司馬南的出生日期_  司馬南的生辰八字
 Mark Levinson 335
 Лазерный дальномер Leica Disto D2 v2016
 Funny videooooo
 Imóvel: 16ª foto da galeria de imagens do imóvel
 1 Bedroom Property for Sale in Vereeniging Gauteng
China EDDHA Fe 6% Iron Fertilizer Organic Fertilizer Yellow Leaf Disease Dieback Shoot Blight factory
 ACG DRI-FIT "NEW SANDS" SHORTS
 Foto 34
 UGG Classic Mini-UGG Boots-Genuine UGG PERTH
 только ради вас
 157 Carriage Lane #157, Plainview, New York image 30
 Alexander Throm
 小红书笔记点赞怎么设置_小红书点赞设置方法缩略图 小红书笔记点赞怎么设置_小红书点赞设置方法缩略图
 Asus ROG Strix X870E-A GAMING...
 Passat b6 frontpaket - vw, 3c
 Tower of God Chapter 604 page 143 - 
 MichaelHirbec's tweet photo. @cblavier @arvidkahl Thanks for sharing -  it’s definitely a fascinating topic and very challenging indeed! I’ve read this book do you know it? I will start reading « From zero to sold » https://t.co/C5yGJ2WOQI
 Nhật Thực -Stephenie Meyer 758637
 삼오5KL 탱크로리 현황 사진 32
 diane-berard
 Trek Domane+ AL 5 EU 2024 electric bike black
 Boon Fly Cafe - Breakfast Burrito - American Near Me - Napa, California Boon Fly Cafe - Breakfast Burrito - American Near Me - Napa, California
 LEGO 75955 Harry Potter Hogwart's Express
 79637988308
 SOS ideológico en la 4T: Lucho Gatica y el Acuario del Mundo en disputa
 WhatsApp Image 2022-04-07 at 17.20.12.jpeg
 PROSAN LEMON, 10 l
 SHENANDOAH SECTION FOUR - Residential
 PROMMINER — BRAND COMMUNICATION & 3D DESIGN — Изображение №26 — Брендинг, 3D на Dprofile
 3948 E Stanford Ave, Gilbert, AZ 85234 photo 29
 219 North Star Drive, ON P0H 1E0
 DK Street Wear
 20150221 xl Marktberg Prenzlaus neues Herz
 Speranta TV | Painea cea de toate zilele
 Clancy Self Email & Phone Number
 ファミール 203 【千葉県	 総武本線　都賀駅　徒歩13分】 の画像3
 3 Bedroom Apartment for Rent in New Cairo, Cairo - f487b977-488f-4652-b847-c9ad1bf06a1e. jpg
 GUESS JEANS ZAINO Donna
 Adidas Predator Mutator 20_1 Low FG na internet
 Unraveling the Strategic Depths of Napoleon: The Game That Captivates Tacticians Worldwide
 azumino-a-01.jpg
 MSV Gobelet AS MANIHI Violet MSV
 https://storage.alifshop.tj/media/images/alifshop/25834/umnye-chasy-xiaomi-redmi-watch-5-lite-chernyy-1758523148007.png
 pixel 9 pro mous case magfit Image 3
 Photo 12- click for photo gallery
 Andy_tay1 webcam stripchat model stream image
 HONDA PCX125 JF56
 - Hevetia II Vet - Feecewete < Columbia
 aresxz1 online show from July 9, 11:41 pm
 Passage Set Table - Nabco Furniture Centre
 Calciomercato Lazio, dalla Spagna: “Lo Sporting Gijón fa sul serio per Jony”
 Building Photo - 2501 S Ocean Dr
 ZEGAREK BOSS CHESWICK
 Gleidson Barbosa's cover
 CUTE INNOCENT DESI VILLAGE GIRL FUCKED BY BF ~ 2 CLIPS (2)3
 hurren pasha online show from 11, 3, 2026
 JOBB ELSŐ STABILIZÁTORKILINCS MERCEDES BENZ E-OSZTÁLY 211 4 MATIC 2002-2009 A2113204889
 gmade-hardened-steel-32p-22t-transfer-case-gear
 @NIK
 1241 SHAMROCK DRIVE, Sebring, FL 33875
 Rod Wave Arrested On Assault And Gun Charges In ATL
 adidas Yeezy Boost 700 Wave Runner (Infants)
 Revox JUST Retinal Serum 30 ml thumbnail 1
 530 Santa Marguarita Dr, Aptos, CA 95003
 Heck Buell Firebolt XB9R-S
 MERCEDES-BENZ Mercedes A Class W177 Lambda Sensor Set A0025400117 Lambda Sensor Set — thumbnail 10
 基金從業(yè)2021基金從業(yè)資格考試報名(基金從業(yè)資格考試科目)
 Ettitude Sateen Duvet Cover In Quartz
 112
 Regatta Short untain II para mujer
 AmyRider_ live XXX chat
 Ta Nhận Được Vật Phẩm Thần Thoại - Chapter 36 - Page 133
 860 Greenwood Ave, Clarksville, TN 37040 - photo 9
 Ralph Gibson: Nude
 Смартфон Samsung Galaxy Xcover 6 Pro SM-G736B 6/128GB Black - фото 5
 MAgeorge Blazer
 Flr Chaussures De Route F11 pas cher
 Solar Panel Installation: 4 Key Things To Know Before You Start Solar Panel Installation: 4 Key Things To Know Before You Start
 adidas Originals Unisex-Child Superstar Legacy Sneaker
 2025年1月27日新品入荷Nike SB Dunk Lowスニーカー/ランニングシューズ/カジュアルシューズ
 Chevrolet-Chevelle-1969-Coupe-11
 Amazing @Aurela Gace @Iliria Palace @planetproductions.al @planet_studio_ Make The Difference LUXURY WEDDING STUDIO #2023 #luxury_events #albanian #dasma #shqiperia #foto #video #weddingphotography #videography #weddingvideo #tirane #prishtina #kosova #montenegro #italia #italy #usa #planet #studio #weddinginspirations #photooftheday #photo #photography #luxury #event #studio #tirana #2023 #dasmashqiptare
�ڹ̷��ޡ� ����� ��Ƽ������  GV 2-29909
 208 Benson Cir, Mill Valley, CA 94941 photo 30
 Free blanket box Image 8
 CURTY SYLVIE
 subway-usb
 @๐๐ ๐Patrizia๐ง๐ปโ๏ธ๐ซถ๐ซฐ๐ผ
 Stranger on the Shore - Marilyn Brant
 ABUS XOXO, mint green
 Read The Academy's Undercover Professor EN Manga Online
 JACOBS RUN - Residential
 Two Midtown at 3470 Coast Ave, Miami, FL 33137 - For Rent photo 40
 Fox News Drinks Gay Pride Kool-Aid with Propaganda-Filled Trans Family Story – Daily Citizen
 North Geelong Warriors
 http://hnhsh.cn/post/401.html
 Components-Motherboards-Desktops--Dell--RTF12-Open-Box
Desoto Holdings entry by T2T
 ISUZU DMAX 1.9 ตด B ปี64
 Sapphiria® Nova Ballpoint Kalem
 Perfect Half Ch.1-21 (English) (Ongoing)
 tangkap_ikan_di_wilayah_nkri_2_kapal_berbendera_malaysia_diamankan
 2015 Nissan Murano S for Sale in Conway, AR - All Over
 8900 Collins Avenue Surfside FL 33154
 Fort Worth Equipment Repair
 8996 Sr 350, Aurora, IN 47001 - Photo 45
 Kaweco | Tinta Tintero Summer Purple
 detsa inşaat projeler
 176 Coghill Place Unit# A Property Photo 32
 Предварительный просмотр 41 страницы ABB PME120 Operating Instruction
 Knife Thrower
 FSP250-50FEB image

» **Exercise aim**
Take the records above and return, word for word, only the lines that fall from the line with "Napa, California Boon" to the line with "20150221 xl Marktberg Prenzlaus neues Herz", both of them included.

» **Solution to the exercise**
 Boon Fly Cafe - Breakfast Burrito - American Near Me - Napa, California Boon Fly Cafe - Breakfast Burrito - American Near Me - Napa, California
 LEGO 75955 Harry Potter Hogwart's Express
 79637988308
 SOS ideológico en la 4T: Lucho Gatica y el Acuario del Mundo en disputa
 WhatsApp Image 2022-04-07 at 17.20.12.jpeg
 PROSAN LEMON, 10 l
 SHENANDOAH SECTION FOUR - Residential
 PROMMINER — BRAND COMMUNICATION & 3D DESIGN — Изображение №26 — Брендинг, 3D на Dprofile
 3948 E Stanford Ave, Gilbert, AZ 85234 photo 29
 219 North Star Drive, ON P0H 1E0
 DK Street Wear
 20150221 xl Marktberg Prenzlaus neues Herz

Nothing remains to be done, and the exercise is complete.